Все помолчали. А что тут добавить?
– А что Андрейка? Где он сейчас?
– В поместье своём. Он туда отбыл. Нанял каких-то людей и отбыл.
– Каких-то?
– Кузнеца, разорившегося после нашествия. С женой и двумя детьми. Плотника безногого. Нищего с паперти. Двух бобылей да трёх вдов крестьянских с детьми малыми, что после нашествия маялись, нужду терпя. Рты же лишние. Ещё жену, тёщу и двух своих холопов, которых прежде прилюдно объявил свободными. Но они всё одно за ним пошли.
– Интересно… – задумчиво произнёс царь. – А что он там делать собрался?
– Мы не смогли узнать. Сказывают, что по осени он с купцом тульским Агафоном о каком-то торге сговорился. Но зерна вряд ли привезёт. Там ведь ничего не посеяно у него. Да и некому сеять.

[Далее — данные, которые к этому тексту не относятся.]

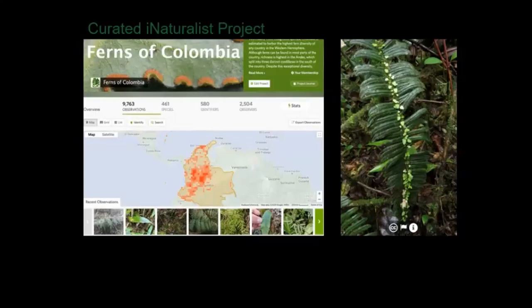We also have a curated iNaturalist project, which is part of the outreach of our project. We've given workshops in Colombia about best practices for taking photos of ferns — what parts of the plant you need to get detailed photos of to identify it — and then we curate these photos as much as we can. That's been a lot of fun.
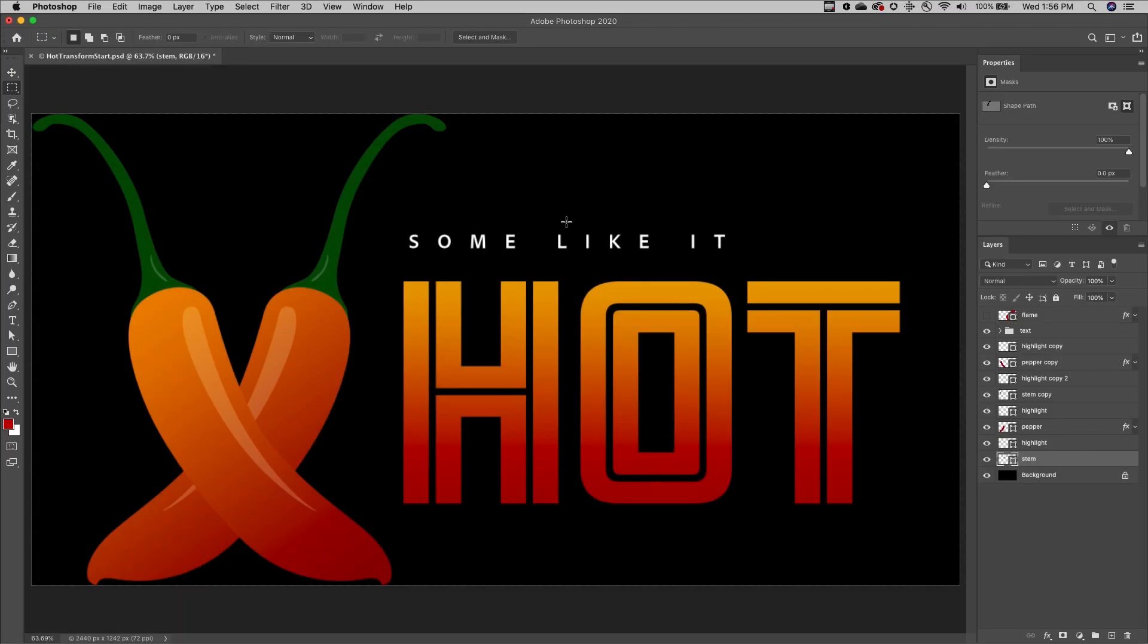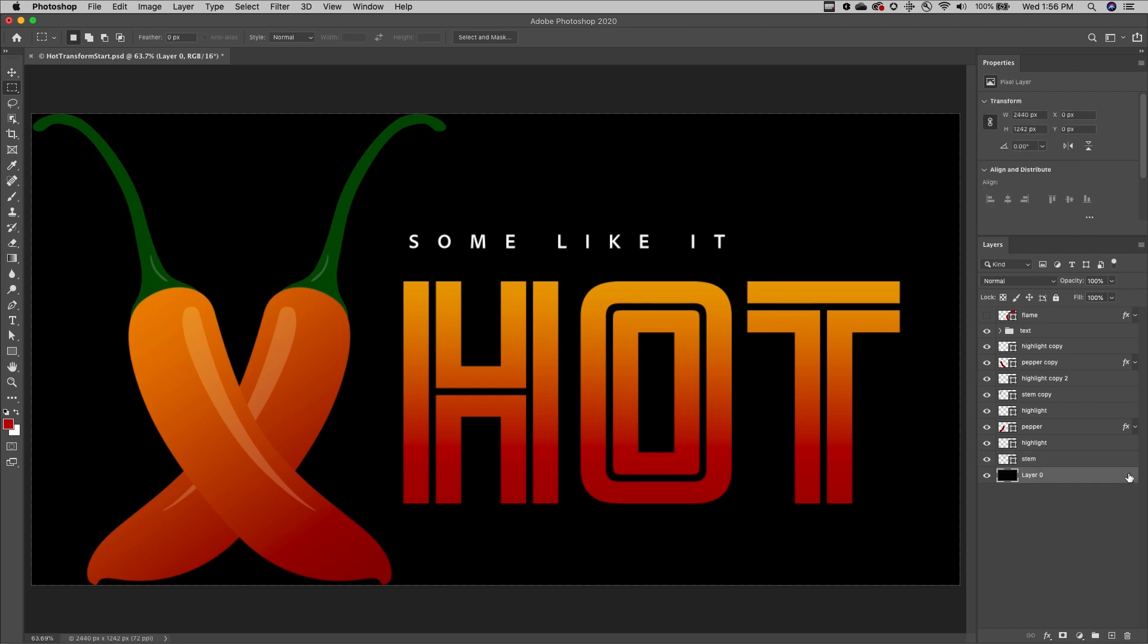Welcome to 321 Photoshop. I'm Julianne Kost. First, to transform the background, click on the lock icon in order to convert it to a layer.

– Очень интересно, – ещё тише и каким-то холодным, могильным голосом произнёс царь, барабаня пальцами по столику.
– Ещё про Андрейку всякие сказки сказывают.
– Он ведь зимовал в отцовском поместье. Там и волчья стая приходила, и медведь-шатун, и разбойники. Всех побил и разогнал. Болтают даже, будто бы и не волки то были, а волколаки, которых на него колдун натравил.